SPOILERS AHEAD…Sort of.
I’m not going to talk too much about Good Night and Good Luck’s story, so there’s not much I can spoil. Once I cover the little story stuff of interest, I want to suggest why this film is popular IN SPITE of the fact it isn’t a grand argument story. That should be fun!
About the Story—Good Night and Good Luck is all about the Overall Story throughline. Period. Though there are many candidates for Main Character, the filmmakers seem to have intentionally kept the audience at arm’s length from identifying with any of them on a personal level. Edward R. Morrow and Fred Friendly are the likeliest candidates for Main Character and Influence Character but we never get inside their heads. We seem to watch them from the outside, never the inside. For a moment, the married couple—Joe and Shirley Wershba—seems like secondary MC and IC candidates but it never happens. Even the relationships in the story that could be developed into a Relationship Story throughline never take on the passion the perspective needs to breathe. Sure, there’s passion but it is explored as subject matter, not as a perspective.
Since all of the characters are part of the Overall Story, none of them change. They are all stalwart participants in the “plot,” steadfastly performing their story functions as one might expect of Objective characters. No one changes in the story. No one grows. But somehow Good Night and Good Luck works. How?
Dramatica breaks the story process into four stages. The one closest to the author is called Storyforming. This is where an author determines the underlying abstract message (or argument) he wants to tell. The next stage is called Storyencoding. This is where the author illustrates the abstract concepts with specific words and images (or whatever form his medium takes). The third stage is called Storyweaving. This is where the author controls the delivery of the Storyencoding. What does the audience see first, then next, and so on until the work reaches the end? The last stage is Story Reception.
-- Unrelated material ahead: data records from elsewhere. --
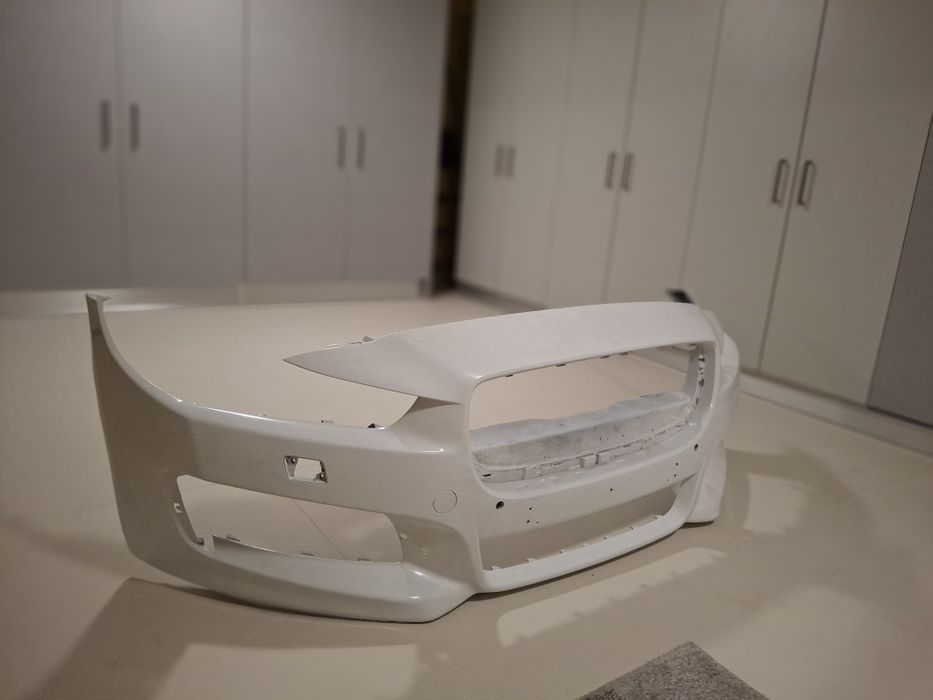 Para choques Jaguar XE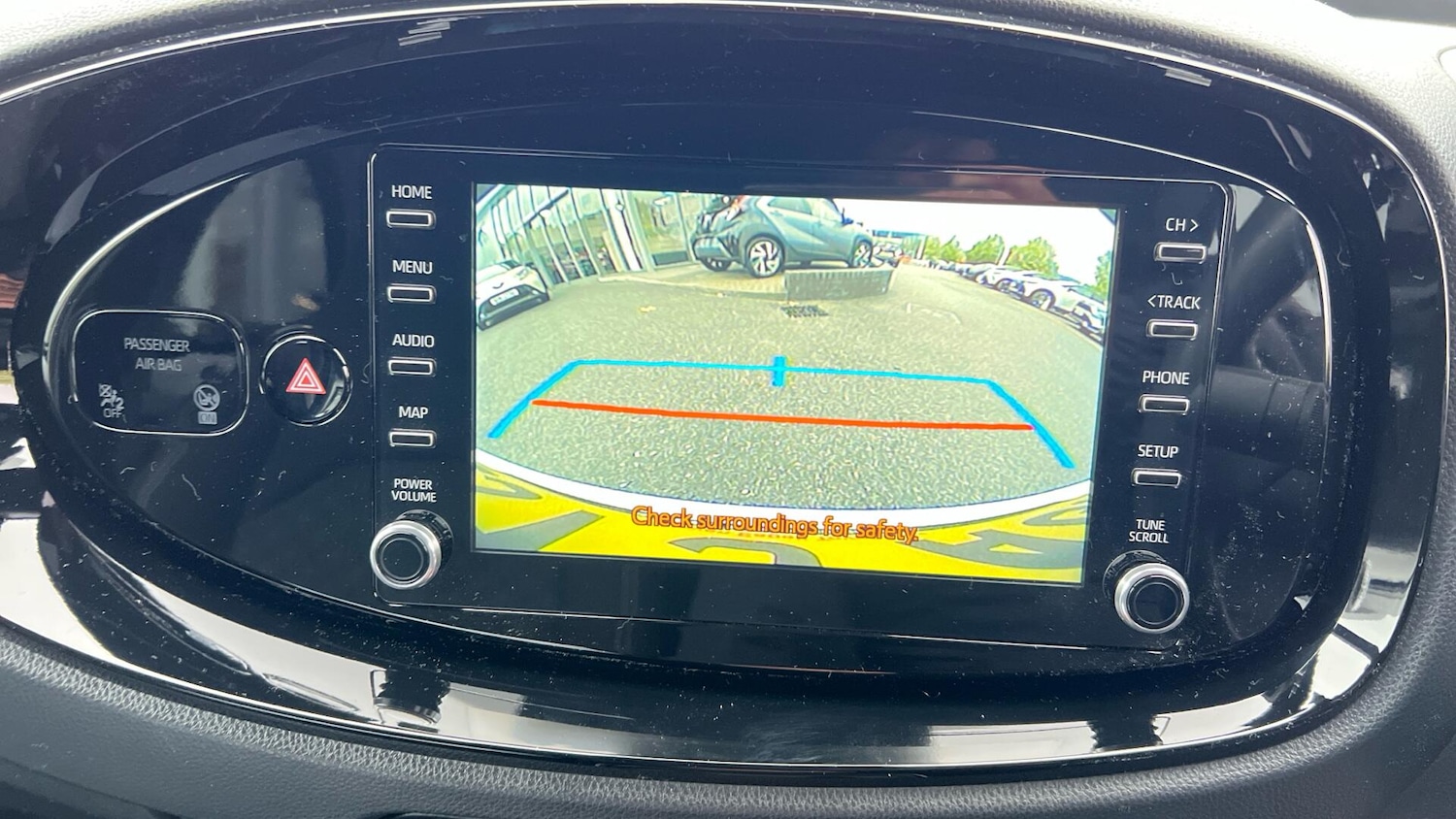 Used Toyota Aygo X for sale - 77279823: Photo 43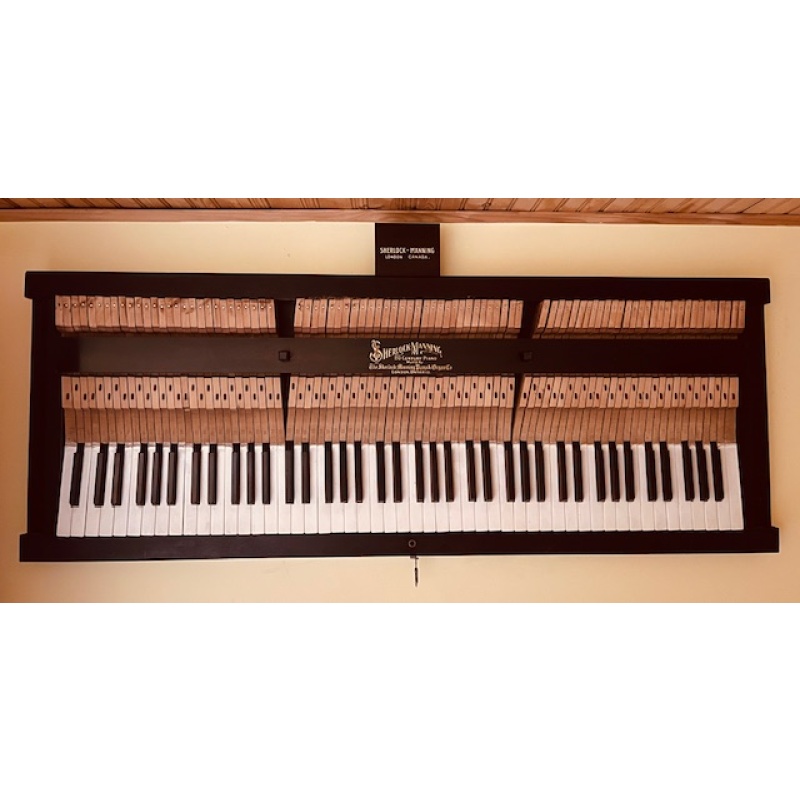 Gouge Packing Puzzle - Gaétan Gouge by John Devost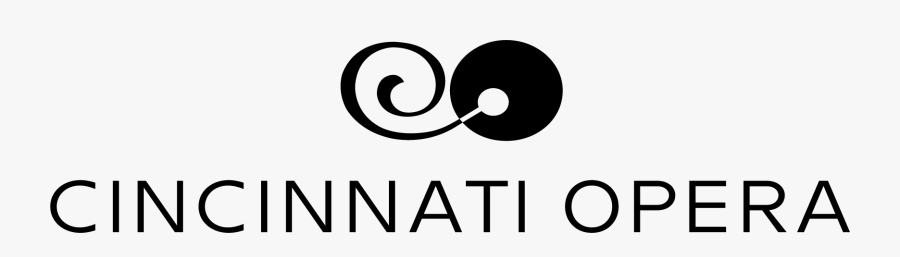 Cincinnati Opera General Director And Ceo - Cincinnati Opera Logo, Transparent Clipart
This is where the audience “decodes” the story and interprets the results, hopefully arriving at a sense of the author’s intent.
The four throughlines exist as part of the storyform created by the author. I’ve already established that I think Good Night and Good Luck’s storyform is incomplete. My guess is that it is intentionally incomplete so as to appear as objective as possible.
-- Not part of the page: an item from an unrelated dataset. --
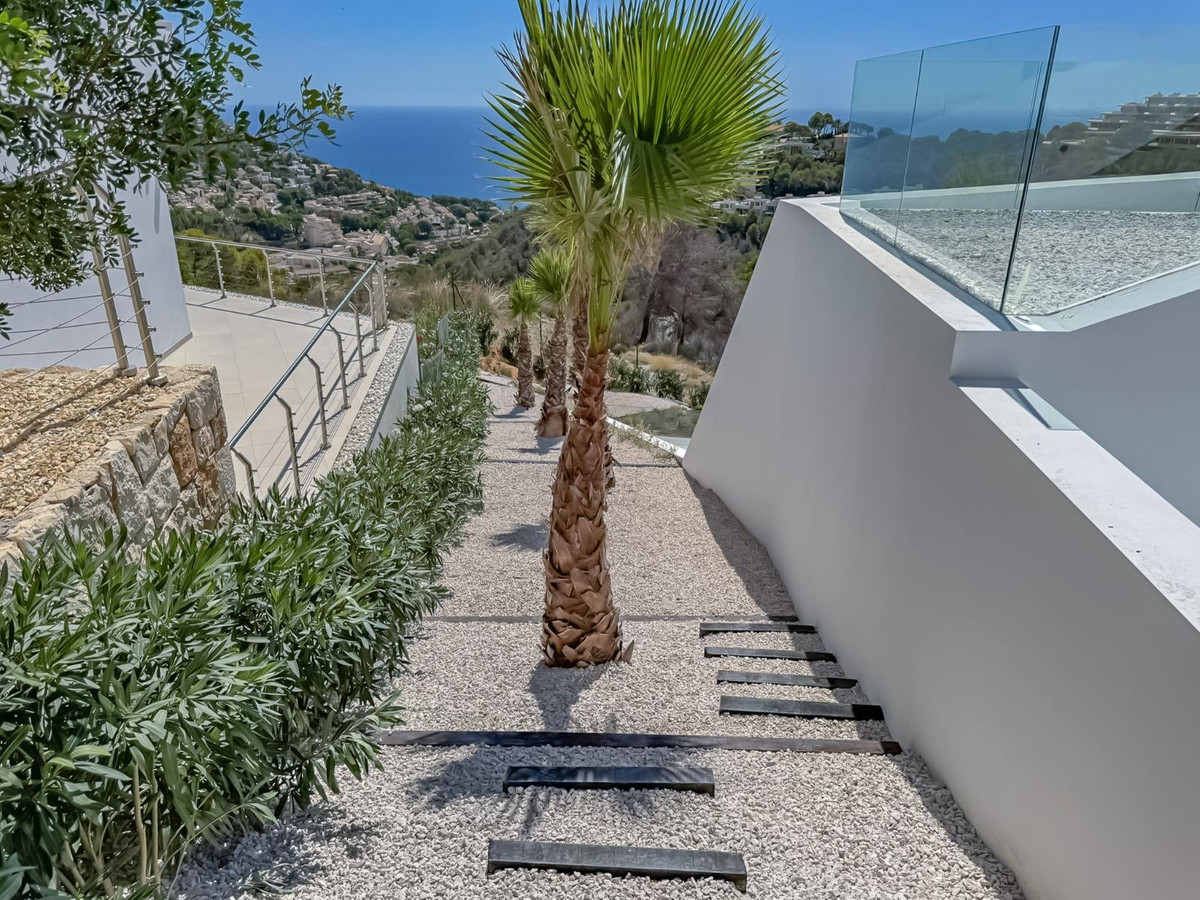 4 Bed Townhouse for sale in Altea Costa Blanca, Alicante, Spain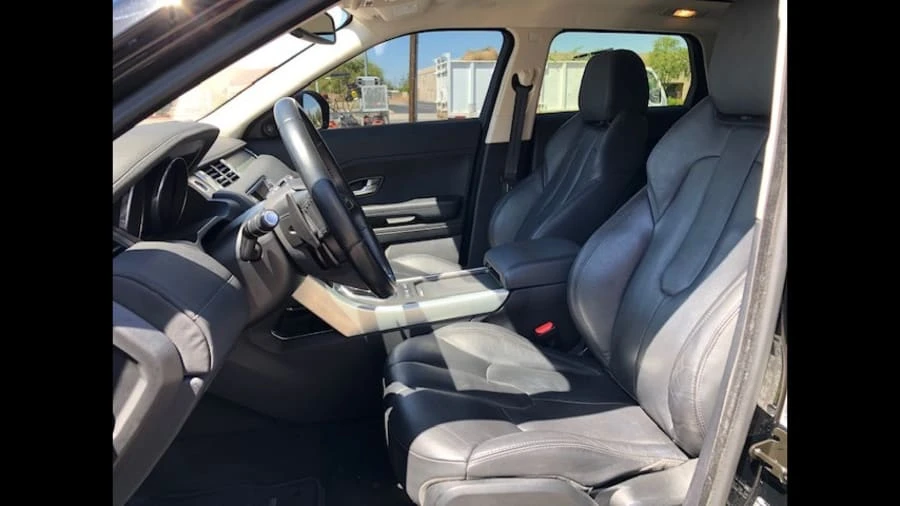 2015 Land Rover Range Rover Evoque 1st Gen - Image 4 of 12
I believe Good Night and Good Luck’s success has partly to do with the Storyencoding, but mostly to do with Story Reception. Here’s my reasoning:
The film is chock full of well-known and popular actors (George Clooney, Frank Langella, Robert Downey Jr., Patricia Clarkson, David Strathairn, Jeff Daniels). Loading the film with known talent is appealing to audiences.
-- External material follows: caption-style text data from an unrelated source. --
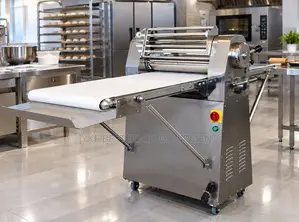 Commercial Dough Roller - Brand New
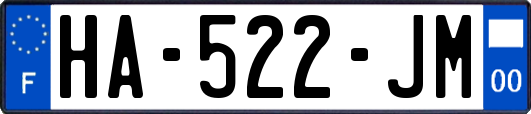 HA-522-JM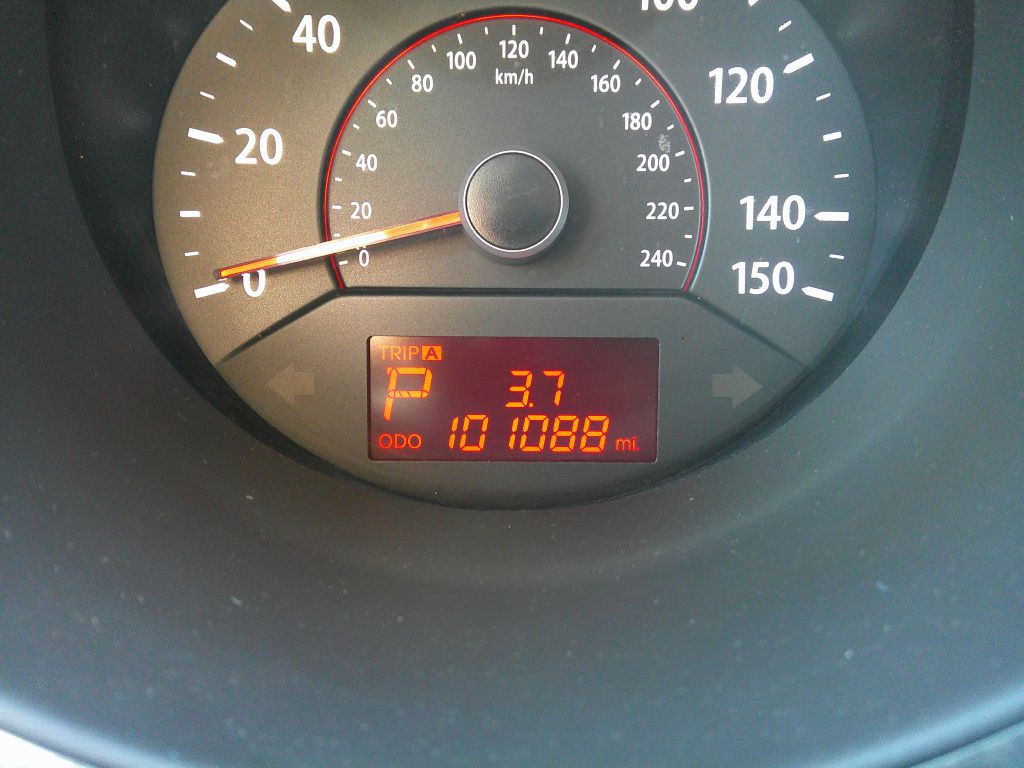 2011 Kia Sorento Image 18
However, I think it is the film’s subject matter and its similarity to current events that is the real draw and provides the real “bang.” Good Night and Good Luck is about the McCarthy era. It is about a time when personal civil liberties were trod on by the government. It’s about a time when evidence was unnecessary for conviction and innuendo could destroy a person’s career. It’s about a time when most people were concerned more for their own welfare than following their conscience and doing what they felt was right. It was a time when people began to seriously distrust the government based on the unfair treatment of fellow citizens and the government’s exploitation of the threat of terrorist attacks (the Cold War).
It’s about a time that is very much like now.
The film’s political message speaks to a concern relevant to current audiences. Some would say the fear mongering used by Joseph McCarthy parallels tactics used by the George W. Bush administration. The current administration’s secrecy, illegal wire-tappings, alleged corruption, intentional distribution of misinformation, imprisonment without trial or representation, and cronyism makes the political events of the early fifties relevant to today. PLUS, Good Night and Good Luck is a “David meets Goliath” story—always an American cultural favorite. It shows how a small group dedicated to the forces for honesty and integrity overcame great odds and brought down a corrupt government bureaucracy. (The film didn’t need to show McCarthy come tumbling down because most of the film’s intended audience (baby boomers and older) already knew how it ended.)
Who needs a grand argument story when you’re preaching to the choir? All you need to do is make it good-looking and keep it honest. The audience will fill in the rest.
CODA: Based on the fact that it does not have a complete storyform, I’m willing to guess that the film probably won’t have the same kind of "legs" once the current administration is gone (assuming, of course, that it is replaced by something other than a clone of itself). I’m also willing to guess that Good Night and Good Luck is not a film people will watch over and over. Until that time when the storytelling goes stale and its message is no longer current, however, my guess is Good Night and Good Luck will remain “on the air.”